Скажи мне - вырос ли ты? Я оставил тебя ребенком, найду молодым человеком; скажи, с кем из моих приятелей ты знаком более? что ты делаешь, что ты пишешь?"
Мысль о том, чтобы брат пошел на военную службу, видимо, прочно овладела Пушкиным. Об этом можно судить уже по одному тому, что 4 сентября того же года он писал Льву Сергеевичу тоже из Кишинева: "Во-первых, о службе. Если б ты пошел в военную - вот мой план, который предлагаю тебе на рассмотрение. В гвардию тебе незачем; служить 4 года юнкером вовсе не забавно. К тому же тебе нужно, чтоб о тебе немножко позабыли. Ты бы определился в какой-нибудь полк корпуса Раевского - скоро был бы ты офицером, а потом тебя перевели бы в гвардию - Раевский или Киселев - оба не откажут. Подумай об этом, да, пожалуйста, не слегка: дело идет о жизни".
То обстоятельство, что 17 января 1823 года Сергей Львович обратился к императору Александру I с приведенным выше прошением, дает основание думать, что мысль Александра Сергеевича нашла поддержку в семье Пушкиных.
Случилось, однако, так, что план этот не осуществился, и Лев Сергеевич поступил на службу в Департамент духовных дел иностранных исповеданий министерства внутренних дел, возглавляемый А. И. Тургеневым. Непосредственным начальником его был К. С. Сербинович, с которым он, кажется, не очень ладил. Известно, что службой Лев Сергеевич не дорожил, вызывая недовольство Сербиновича и прочего начальства. Этим, вероятно, можно объяснить постоянное стремление Льва Сергеевича ее оставить.
Еще до поступления его в департамент А. С. Пушкин, находясь в ссылке в Михайловском, куда прибыл 8 августа 1824 года, особенно много общался с младшим братом, к неудовольствию Сергея Львовича.
В Петербург Лев Сергеевич уехал между 3 и 5 ноября 1824 года. Судя по формулярному списку, к своим служебным обязанностям он приступил 13 ноября. Можно думать, что вскоре после этого Лев Сергеевич сообщил брату в Михайловское о том, что он тяготится службой и хочет подать в отставку. В связи с этим Александр Сергеевич писал ему 14 марта 1825 года: "Ради бога, погоди в рассуждении отставки. Может быть, тебя притесняют без ведома царя. Просьбу твою могут почесть следствием моего внушения. Погоди хоть Дельвига". Лев Сергеевич послушал старшего брата и продолжал служить с грехом пополам до июня 1826 года, о чем мы узнаем из дела № 7680а (в формулярном списке сказано, как мы упоминали, что он уволен по прошению 26 октября 1826 года).

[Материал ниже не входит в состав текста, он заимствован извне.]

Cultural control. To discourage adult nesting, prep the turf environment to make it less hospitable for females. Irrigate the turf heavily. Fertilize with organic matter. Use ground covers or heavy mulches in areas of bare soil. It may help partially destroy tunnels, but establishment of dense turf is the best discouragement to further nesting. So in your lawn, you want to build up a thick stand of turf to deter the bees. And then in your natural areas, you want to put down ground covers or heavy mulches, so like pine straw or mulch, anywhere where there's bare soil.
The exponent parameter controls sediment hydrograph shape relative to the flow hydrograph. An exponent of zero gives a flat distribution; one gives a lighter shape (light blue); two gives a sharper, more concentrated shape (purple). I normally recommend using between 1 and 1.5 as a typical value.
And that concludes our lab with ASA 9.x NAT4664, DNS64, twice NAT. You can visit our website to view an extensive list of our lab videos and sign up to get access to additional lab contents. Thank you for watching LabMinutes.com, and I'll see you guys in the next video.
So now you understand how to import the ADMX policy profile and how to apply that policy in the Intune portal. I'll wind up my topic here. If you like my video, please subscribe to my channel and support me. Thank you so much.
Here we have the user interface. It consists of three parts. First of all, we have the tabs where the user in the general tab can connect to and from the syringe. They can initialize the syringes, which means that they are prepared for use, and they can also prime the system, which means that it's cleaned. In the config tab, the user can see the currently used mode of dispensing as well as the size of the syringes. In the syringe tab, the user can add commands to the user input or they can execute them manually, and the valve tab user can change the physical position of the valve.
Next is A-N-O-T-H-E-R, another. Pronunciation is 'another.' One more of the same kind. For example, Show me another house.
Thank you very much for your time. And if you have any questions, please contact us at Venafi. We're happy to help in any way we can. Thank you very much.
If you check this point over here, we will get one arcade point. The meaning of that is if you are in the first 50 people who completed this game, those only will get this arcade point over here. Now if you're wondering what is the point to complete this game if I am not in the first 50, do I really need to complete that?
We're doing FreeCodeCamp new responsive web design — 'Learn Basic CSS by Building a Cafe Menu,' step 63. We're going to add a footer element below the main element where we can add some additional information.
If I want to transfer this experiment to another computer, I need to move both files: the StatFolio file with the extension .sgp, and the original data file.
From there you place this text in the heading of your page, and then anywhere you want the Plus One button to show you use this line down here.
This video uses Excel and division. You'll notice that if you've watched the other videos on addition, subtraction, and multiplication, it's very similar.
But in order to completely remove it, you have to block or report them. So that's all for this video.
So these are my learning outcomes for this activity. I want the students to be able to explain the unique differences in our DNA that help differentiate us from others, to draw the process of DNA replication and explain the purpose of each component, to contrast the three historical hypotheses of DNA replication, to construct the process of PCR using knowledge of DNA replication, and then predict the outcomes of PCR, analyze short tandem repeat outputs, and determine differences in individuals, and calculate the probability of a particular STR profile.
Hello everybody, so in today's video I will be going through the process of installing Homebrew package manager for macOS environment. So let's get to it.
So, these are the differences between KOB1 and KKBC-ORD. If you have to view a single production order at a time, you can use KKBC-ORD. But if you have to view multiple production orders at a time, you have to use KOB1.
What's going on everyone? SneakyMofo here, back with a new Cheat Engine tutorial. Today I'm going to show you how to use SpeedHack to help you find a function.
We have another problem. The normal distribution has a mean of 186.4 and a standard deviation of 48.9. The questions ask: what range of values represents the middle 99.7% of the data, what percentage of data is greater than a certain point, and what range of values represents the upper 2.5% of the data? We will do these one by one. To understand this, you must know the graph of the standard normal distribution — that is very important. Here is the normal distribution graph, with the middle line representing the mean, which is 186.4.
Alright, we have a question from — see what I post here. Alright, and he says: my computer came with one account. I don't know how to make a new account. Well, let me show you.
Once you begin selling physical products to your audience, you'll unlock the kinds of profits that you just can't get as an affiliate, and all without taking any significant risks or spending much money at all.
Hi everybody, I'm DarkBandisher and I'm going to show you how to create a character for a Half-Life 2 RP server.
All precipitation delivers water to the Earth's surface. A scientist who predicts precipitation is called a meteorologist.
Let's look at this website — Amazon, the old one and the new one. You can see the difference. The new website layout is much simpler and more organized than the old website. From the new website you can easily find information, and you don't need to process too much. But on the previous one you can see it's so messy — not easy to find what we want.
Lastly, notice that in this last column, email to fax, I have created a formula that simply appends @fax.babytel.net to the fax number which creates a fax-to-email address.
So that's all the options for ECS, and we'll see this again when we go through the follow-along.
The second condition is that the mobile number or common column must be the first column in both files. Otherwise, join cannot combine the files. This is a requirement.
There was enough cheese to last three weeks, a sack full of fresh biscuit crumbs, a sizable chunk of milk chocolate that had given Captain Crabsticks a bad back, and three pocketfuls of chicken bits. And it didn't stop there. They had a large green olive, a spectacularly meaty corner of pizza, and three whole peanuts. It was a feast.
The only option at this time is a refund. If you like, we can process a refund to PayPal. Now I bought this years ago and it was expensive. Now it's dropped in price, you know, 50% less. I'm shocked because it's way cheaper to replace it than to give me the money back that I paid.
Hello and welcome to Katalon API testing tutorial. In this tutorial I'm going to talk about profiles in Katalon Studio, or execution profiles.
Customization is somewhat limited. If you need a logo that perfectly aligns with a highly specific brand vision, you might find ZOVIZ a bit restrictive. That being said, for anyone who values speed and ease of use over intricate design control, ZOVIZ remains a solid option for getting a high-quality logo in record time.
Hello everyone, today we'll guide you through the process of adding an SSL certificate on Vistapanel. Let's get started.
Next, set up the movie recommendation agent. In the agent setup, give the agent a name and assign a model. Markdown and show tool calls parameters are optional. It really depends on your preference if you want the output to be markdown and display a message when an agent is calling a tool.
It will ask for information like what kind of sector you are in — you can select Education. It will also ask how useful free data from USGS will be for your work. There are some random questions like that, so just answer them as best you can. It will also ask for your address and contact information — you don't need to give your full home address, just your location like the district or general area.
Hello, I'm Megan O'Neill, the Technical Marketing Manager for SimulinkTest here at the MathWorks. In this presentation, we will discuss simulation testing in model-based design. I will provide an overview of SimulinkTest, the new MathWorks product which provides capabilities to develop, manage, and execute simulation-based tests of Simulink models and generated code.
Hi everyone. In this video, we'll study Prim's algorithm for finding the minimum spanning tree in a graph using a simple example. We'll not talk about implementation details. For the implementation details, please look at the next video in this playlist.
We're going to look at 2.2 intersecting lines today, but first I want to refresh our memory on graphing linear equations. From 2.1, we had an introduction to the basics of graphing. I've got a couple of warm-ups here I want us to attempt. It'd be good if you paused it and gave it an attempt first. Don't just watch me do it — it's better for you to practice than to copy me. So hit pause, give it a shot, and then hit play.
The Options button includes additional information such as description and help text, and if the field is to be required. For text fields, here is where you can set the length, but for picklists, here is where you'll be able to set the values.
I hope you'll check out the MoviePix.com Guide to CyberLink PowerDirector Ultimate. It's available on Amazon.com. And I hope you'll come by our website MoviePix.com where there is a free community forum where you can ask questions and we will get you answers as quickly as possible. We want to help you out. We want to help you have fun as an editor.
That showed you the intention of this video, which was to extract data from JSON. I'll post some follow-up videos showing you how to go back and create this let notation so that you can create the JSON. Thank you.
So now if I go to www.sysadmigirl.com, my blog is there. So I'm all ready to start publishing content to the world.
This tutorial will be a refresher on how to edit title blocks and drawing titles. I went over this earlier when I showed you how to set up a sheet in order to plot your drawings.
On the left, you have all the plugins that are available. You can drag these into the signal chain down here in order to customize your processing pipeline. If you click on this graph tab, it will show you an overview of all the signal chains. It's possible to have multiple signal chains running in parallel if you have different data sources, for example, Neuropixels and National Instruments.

Между тем в отношениях братьев в 1825 году произошел явный разлад. П. В. Анненков, мы уже говорили, объясняет его тем, что Лев Сергеевич перестал удовлетворять брата как комиссионер, то есть посредник, помощник в литературных делах, которые он якобы выполнял с 1821 года (говорим "якобы", так как в действительности он помогал А. С. Пушкину в этих делах еще в 1819-1820 гг.), но дело, конечно, не только в этом. Разлад был в первую очередь результатом "ветрености", легкомыслия, мотовства и необязательности Льва Сергеевича. Несомненно, свою роль здесь сыграли также те (в том числе и отец), кто старался "изгладить из сердца" Льва Сергеевича привязанность к брату. Косвенным свидетельством разлада является их переписка, но есть и прямые доказательства.
Между 15 марта и 19 июля 1825 года А. С. Пушкин написал два письма П. А. Плетневу, в которых, вероятно, очень бранил брата. До нас они не дошли, но их содержание частично раскрывается в ответном письме Плетнева от 19 июля этого года, где имеются такие строки: "Льву я не показывал твоих последних двух писем и не говорил, что ты писал ко мне. Он, может быть, по молодости лет и рассеян, но тебя очень любит. Твое ожесточение огорчило бы его. Что ж за радость мне быть причиной вашей ссоры, которая произошла от недоразумения? Напиши ему просто, чтобы он скорее кончил переписку разных стихотворений".
Сильное раздражение по отношению к брату чувствуется и в письме Пушкина к Дельвигу из Михайловского в Петербург от 23 июля 1825 года, где сказано: "С братом я в сношения входить не намерен. Он знал мои обстоятельства и самовольно затрудняет их. У меня нет ни копейки денег в минуту нужную, я не знаю, когда и как я получу их. Беспечность и легкомыслие эгоизма извинительны только до некоторой степени. Если он захочет переписать мои стихи, вместо того чтоб читать их на ужинах и украшать ими альбом Воейковой, то я буду ему благодарен, если нет, то пусть отдаст он рукопись мою тебе, а ты уж похлопочи с Плетневым".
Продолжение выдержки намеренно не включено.